L’entourage de la ministre Sylvie Retailleau reconnaît aussi que tous ces dispositifs sont encore méconnus et qu’un travail pour juguler ce non-recours est à effectuer. Quant à l’accès plus généralisé, le ministère réfléchit à mutualiser des cantines de services publics pour permettre aux étudiant·es d’y accéder.

Mais les Crous restent sous-dimensionnés pour absorber un surcroît d’activité. Imane Ouelhadj, de l’Unef, complète : « Comme on l’a vu, le Crous a été obligé de baisser les quantités des repas, sous peine de ne pas pouvoir assurer le service de restauration. »

En effet, il y a un mois, des étudiant·es se sont plaint·es, photos à l’appui, sur les réseaux sociaux des maigres portions servies par le Crous de Bretagne. Le problème a été rectifié, assure-t-on au ministère de l’enseignement supérieur. Les organisations étudiantes rappellent de leur côté qu’il n’est pas toujours aisé d’accéder à une assistante sociale au Crous dans des délais raisonnables. (...)

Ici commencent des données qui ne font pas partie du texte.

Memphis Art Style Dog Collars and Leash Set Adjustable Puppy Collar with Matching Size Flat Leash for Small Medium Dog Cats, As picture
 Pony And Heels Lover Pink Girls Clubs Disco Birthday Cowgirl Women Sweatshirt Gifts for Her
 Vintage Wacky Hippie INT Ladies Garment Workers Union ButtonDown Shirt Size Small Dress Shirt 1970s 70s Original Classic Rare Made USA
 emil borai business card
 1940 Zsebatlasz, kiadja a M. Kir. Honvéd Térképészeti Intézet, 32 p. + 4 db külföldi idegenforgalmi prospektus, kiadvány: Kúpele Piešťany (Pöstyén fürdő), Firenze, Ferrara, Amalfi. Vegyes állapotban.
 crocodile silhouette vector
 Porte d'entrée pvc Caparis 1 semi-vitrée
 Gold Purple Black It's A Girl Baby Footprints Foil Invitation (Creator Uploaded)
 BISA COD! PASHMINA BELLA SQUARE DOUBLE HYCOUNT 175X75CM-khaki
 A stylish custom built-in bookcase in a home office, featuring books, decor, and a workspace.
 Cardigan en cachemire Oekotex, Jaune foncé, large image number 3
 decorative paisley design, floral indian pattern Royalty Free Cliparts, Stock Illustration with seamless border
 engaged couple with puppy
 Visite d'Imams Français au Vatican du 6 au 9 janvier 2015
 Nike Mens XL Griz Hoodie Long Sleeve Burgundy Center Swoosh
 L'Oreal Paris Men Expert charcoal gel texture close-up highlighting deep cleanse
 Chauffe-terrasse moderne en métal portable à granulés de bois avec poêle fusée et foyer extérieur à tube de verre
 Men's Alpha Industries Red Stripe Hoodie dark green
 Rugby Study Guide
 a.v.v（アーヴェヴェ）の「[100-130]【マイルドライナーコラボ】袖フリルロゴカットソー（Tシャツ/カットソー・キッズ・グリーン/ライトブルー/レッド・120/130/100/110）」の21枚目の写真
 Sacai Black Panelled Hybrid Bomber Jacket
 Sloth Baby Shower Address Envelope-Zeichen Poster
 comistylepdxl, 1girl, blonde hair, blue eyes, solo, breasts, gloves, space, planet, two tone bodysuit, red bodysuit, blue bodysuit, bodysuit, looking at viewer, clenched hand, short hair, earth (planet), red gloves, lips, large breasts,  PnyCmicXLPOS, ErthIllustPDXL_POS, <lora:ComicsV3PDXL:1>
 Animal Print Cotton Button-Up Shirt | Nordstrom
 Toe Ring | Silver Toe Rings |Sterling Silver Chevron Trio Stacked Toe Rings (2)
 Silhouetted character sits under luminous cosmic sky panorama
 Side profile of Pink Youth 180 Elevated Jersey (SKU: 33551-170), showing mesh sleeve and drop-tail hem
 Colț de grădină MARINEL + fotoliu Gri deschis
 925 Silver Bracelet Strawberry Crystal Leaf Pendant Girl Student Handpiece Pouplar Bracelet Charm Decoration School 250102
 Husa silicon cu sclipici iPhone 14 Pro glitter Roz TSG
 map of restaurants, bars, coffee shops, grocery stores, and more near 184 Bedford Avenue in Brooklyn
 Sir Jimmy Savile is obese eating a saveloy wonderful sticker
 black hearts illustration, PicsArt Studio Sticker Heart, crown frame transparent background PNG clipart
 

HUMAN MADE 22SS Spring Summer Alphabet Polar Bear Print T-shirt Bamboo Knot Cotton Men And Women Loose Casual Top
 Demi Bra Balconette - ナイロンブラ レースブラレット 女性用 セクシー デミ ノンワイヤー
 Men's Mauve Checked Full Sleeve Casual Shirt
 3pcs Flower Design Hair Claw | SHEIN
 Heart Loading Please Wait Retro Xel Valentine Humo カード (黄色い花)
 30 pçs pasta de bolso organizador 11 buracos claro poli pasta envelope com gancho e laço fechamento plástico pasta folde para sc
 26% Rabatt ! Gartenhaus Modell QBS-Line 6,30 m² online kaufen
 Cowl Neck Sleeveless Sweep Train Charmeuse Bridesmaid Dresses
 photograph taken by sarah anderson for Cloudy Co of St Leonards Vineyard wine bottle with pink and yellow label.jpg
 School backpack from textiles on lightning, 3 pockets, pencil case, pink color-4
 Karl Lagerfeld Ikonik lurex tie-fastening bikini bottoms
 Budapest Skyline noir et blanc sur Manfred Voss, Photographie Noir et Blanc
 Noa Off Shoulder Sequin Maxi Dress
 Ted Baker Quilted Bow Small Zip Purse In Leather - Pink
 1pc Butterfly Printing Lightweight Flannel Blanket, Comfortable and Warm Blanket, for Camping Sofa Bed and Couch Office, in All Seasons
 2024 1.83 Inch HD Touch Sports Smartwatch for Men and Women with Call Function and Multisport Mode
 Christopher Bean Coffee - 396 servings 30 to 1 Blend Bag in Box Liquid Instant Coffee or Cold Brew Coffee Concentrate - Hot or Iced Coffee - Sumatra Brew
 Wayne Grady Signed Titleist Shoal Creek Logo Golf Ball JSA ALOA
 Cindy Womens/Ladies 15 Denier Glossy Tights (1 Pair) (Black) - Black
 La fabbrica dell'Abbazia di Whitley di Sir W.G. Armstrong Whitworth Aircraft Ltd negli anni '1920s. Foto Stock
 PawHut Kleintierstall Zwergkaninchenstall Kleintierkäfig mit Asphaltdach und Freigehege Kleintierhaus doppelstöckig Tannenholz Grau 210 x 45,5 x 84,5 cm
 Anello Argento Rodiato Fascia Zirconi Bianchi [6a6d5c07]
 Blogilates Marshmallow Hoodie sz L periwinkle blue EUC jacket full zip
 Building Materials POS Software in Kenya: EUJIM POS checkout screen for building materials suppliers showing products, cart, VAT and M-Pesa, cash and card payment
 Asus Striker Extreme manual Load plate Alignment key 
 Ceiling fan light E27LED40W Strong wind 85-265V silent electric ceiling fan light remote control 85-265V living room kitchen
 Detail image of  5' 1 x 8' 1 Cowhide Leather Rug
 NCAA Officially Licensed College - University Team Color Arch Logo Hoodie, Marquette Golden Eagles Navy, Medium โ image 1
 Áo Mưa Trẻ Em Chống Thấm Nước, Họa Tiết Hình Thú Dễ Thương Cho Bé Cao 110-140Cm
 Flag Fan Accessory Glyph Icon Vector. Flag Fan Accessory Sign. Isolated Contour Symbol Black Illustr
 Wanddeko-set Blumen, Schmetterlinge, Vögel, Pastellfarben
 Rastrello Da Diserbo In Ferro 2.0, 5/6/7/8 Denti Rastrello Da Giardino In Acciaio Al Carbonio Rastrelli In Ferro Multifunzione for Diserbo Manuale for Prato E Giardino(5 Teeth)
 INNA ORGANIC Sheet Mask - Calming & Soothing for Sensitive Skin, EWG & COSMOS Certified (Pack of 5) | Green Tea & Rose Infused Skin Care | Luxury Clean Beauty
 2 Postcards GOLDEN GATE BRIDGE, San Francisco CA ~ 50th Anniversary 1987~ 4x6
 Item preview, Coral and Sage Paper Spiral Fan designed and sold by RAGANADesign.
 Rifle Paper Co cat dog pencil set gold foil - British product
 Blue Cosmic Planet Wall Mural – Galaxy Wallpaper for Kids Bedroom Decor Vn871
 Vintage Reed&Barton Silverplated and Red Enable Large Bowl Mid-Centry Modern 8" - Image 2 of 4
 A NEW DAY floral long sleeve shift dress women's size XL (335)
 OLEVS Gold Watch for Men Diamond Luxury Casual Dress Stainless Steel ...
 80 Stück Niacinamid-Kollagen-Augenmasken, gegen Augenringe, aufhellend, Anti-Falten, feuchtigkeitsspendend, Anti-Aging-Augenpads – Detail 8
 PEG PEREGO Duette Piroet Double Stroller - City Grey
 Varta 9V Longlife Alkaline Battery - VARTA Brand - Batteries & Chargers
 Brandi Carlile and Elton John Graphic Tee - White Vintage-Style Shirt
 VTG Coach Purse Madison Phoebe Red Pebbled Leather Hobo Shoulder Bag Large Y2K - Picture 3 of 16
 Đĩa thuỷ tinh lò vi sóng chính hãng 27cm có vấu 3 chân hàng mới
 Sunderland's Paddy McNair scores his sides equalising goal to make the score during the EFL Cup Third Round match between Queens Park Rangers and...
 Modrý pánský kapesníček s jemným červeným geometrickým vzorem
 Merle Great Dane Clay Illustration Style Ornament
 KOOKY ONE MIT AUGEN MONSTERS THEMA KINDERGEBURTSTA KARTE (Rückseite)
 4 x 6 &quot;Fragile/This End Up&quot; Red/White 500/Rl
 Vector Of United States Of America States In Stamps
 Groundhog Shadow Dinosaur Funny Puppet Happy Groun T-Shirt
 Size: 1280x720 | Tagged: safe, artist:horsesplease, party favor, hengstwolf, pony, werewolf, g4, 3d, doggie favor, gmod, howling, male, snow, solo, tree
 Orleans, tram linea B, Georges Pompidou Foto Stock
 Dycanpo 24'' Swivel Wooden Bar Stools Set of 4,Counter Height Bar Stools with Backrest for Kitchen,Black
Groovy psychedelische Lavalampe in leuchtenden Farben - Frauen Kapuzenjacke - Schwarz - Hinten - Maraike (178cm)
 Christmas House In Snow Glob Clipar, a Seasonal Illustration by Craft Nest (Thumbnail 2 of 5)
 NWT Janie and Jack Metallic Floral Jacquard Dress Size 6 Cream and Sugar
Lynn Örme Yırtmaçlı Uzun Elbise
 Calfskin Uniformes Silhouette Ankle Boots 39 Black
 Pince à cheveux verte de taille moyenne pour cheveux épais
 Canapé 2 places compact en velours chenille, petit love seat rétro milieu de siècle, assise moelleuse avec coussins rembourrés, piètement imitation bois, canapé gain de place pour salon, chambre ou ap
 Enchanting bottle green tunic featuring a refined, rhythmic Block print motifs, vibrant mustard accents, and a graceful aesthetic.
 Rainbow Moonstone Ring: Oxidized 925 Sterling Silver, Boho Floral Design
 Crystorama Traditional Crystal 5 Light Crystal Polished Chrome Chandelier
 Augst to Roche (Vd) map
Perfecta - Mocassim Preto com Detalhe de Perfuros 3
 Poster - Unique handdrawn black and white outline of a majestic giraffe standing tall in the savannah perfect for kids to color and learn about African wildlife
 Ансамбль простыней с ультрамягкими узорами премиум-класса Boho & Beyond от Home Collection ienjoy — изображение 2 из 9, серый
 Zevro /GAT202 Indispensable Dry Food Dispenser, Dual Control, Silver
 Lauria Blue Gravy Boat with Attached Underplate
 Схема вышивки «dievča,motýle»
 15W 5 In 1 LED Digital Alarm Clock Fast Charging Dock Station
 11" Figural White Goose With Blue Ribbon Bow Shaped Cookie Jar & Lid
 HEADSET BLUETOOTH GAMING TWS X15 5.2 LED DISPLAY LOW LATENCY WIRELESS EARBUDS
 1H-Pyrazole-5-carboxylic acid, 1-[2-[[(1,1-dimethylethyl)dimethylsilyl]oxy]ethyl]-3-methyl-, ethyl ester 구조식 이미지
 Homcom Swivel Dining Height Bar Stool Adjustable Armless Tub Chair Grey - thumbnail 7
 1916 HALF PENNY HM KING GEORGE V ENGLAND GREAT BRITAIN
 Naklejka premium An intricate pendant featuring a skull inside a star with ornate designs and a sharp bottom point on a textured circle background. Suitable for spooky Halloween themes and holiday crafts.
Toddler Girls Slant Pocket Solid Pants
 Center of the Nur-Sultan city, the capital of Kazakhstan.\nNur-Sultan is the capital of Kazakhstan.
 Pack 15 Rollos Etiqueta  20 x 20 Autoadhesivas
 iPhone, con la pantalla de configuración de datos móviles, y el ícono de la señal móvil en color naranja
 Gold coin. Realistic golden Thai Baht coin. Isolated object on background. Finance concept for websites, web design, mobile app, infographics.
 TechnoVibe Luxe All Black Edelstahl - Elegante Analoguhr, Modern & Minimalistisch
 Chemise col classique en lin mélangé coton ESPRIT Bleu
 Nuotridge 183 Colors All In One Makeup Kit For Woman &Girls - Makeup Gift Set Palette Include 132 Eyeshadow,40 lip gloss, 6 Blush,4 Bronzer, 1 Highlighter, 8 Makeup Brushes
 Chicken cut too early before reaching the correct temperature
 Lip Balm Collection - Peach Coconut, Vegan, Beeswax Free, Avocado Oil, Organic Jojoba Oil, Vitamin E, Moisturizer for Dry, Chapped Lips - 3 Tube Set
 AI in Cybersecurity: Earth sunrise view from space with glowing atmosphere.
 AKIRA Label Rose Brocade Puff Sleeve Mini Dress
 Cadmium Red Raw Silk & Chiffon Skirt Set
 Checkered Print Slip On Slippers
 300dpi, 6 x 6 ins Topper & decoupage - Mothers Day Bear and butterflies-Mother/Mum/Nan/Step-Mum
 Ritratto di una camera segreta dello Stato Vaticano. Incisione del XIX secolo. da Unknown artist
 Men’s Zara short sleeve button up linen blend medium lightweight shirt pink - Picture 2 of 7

« On ne peut pas se féliciter de l’ouverture de l’université aux enfants d’ouvriers sans mettre en place un bon système d’aides sociales pour permettre à ces jeunes-là d’étudier dans les meilleures conditions. »

Alors qu’il y a urgence, selon Étienne Matignon, de remettre à plat ce « système désuet avec des barèmes qui n’ont pas évolué depuis dix ans. La preuve, les bourses ne prennent pas en compte l’inflation ».

Il y a quelques semaines, la vidéo TikTok d’une étudiante désœuvrée et en larmes a abondamment circulé et illustré les failles de cette aide. La jeune femme ne percevait plus que 100 euros de bourse, pour un loyer de 400 euros, car sa situation familiale a changé. Ses parents ont déménagé à Mayotte et bénéficient, à ce titre, d’une aide pour faire face à la vie chère sur l’île, dépassant ainsi un seuil.

En réponse, la ministre Sylvie Retailleau a expliqué que la concertation sur la vie étudiante lancée début octobre allait s’atteler à ce problème via une réforme des bourses, promise à de multiples reprises mais jamais réalisée lors du précédent quinquennat.

La concertation doit courir sur l’année 2023. Imane Ouelhadj est pessimiste. « On nous a déjà expliqué qu’il n’y aura pas de rallonge budgétaire car c’est trop compliqué. Ça commence mal. Cela signifie donc qu’il n’y aura pas d’extension du nombre de boursiers. Et on n’est pas sûrs que le sujet des étudiants étrangers qui sont très précarisés, car ils ne peuvent pas toujours travailler à cause de leur titre de séjour et n’ont pas accès au système d’aide sociale, soit même abordé... », commente encore la présidente de l’Unef, sans illusion sur l’issue des échanges.